The same cannot be said of POE: MORE TALES OF MYSTERY AND IMAGINATION [2003], which attempts to revisit the Project's first and most ambitious album with a 'part two' -- but most of the songs here have nothing to do with Poe; "Murders in the Rue Morgue" recaptures the goofy charm of "Funny You Should Say That", but only "The Pit and the Pendulum" is worthy to have been included on the old album. By far the best song is "Train to Freedom", which manages to capture a faux-spiritual vibe somehow.

And just earlier this year I got his latest, rather awkwardly titled ERIC WOOLFSON SINGS THE ALAN PARSONS PROJECT THAT NEVER WAS [2009], where he re-records some of songs from MORE TALES along with some rejects from Alan Parsons Project days and newer songs he said would have been on Project albums had the Project not disbanded some twenty years before. Despite its name, this is most emphatically not a genuine Alan Parsons Project album -- for one thing, it lacks any input from Alan Parsons. For another, it lacks one of the hallmarks of the Project and part of their appeal: having a wide range of singers appear on the same album to have a contrast of voices and styles. Instead, all ten songs here are sung by Woolfson in his high, pleasant voice. No standouts at all, I'm afraid.

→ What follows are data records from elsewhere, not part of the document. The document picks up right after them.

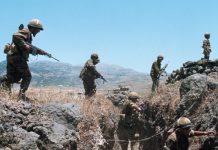 Peste 100 de raniti in timp ce politia israeliana se confrunta cu palestinienii in locul sfant din Ierusalim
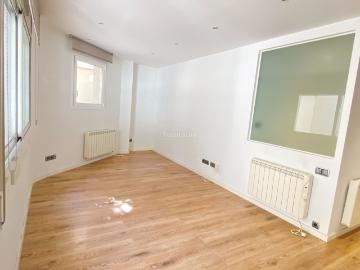 Piso en venta en Barcelona, Sarrià. Encantador. Pisos.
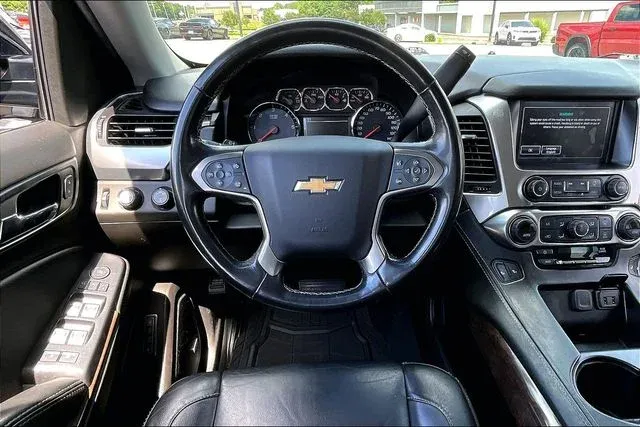 2019 Chevrolet Tahoe LT thumbnail 8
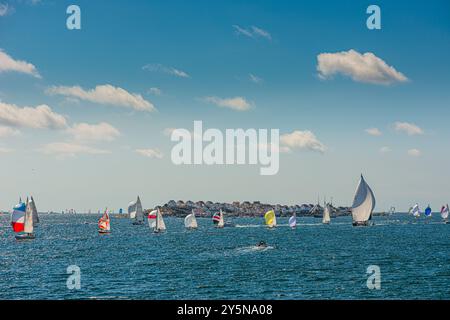 TJ?rn, Schweden - 17. August 2013: TJ?rn Runt ist ein jährlich stattfindender Langstreckensegelwettbewerb, der rund um die Insel Tj?rn stattfindet. Ansicht von R?nn? Stockfoto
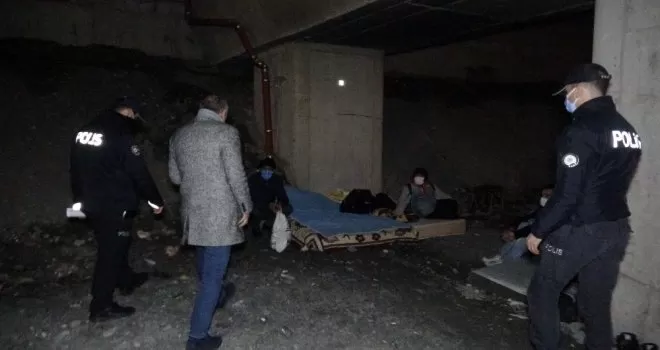 Polis sokakta kalan vatandaşları otele yerleştirdi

So, it seems unlikely we'd have gotten another good album out of Woolfson if he'd been spared (by contrast, even the latest and quirkiest Alan Parsons album still has one or two good pieces on it, like "More and More Lost Without You"). But it's sad to see the passing of someone who contributed so much to some of my favorite music. Many thanks, and Rest in Peace.

--John R.

*although my favorite concept album, bar none, remains TARKUS by Emerson, Lake, & Palmer [1971].

**thirteen in all, by my count, over the course of five albums.

*** I owe my discovery of this one to Rich Baker, who loaned me a cassette of it back in our early days together at TSR; it took me the better part of a decade to find the cd (which had to be imported from Germany); Woolfson's later albums I had to order directly from his website.